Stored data

:::::

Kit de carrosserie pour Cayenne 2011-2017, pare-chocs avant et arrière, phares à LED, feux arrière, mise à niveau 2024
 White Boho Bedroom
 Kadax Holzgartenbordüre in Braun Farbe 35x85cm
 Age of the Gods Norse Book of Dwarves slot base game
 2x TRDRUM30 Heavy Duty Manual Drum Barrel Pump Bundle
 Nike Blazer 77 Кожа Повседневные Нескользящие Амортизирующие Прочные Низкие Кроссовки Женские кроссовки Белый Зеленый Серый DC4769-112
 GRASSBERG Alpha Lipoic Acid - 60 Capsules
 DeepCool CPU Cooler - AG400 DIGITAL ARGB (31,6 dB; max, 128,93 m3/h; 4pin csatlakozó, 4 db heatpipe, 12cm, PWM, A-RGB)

:::::

**Your goal:** Copy, without any change, the run of lines from the one with "Kadax Holzgartenbordüre in" through the end of the entries above.

**Reply:**
 Kadax Holzgartenbordüre in Braun Farbe 35x85cm
 Age of the Gods Norse Book of Dwarves slot base game
 2x TRDRUM30 Heavy Duty Manual Drum Barrel Pump Bundle
 Nike Blazer 77 Кожа Повседневные Нескользящие Амортизирующие Прочные Низкие Кроссовки Женские кроссовки Белый Зеленый Серый DC4769-112
 GRASSBERG Alpha Lipoic Acid - 60 Capsules
 DeepCool CPU Cooler - AG400 DIGITAL ARGB (31,6 dB; max, 128,93 m3/h; 4pin csatlakozó, 4 db heatpipe, 12cm, PWM, A-RGB)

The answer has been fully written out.